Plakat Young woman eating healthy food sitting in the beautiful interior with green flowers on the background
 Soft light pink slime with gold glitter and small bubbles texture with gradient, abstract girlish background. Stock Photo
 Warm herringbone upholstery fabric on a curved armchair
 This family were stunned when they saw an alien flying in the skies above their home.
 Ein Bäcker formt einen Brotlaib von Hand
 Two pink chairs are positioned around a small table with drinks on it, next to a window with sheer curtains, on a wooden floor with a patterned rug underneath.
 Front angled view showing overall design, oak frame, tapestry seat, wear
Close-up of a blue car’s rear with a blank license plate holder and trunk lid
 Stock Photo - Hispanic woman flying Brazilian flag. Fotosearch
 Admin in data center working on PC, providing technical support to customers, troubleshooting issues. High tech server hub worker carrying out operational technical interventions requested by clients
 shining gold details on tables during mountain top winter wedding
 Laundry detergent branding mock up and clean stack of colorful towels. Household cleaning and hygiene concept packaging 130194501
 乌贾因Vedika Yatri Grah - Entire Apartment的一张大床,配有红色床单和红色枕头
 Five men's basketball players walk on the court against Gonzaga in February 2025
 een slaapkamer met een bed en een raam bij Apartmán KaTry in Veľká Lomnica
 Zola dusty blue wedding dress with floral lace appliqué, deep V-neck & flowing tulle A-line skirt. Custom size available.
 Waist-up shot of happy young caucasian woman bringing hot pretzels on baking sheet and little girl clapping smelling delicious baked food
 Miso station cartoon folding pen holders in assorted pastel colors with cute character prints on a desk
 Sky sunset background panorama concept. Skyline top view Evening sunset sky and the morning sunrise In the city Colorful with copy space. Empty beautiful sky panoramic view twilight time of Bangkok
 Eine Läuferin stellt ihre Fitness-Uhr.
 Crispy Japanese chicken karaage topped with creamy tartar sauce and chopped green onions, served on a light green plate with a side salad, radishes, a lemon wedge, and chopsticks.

========================================

● Exercise requirements
The first line of the data, the line with "Eine Läuferin stellt ihre Fitness-Uhr.", and all lines in between are to be copied exactly. Leave out everything else.

● Solution to this task
Plakat Young woman eating healthy food sitting in the beautiful interior with green flowers on the background
 Soft light pink slime with gold glitter and small bubbles texture with gradient, abstract girlish background. Stock Photo
 Warm herringbone upholstery fabric on a curved armchair
 This family were stunned when they saw an alien flying in the skies above their home.
 Ein Bäcker formt einen Brotlaib von Hand
 Two pink chairs are positioned around a small table with drinks on it, next to a window with sheer curtains, on a wooden floor with a patterned rug underneath.
 Front angled view showing overall design, oak frame, tapestry seat, wear
Close-up of a blue car’s rear with a blank license plate holder and trunk lid
 Stock Photo - Hispanic woman flying Brazilian flag. Fotosearch
 Admin in data center working on PC, providing technical support to customers, troubleshooting issues. High tech server hub worker carrying out operational technical interventions requested by clients
 shining gold details on tables during mountain top winter wedding
 Laundry detergent branding mock up and clean stack of colorful towels. Household cleaning and hygiene concept packaging 130194501
 乌贾因Vedika Yatri Grah - Entire Apartment的一张大床,配有红色床单和红色枕头
 Five men's basketball players walk on the court against Gonzaga in February 2025
 een slaapkamer met een bed en een raam bij Apartmán KaTry in Veľká Lomnica
 Zola dusty blue wedding dress with floral lace appliqué, deep V-neck & flowing tulle A-line skirt. Custom size available.
 Waist-up shot of happy young caucasian woman bringing hot pretzels on baking sheet and little girl clapping smelling delicious baked food
 Miso station cartoon folding pen holders in assorted pastel colors with cute character prints on a desk
 Sky sunset background panorama concept. Skyline top view Evening sunset sky and the morning sunrise In the city Colorful with copy space. Empty beautiful sky panoramic view twilight time of Bangkok
 Eine Läuferin stellt ihre Fitness-Uhr.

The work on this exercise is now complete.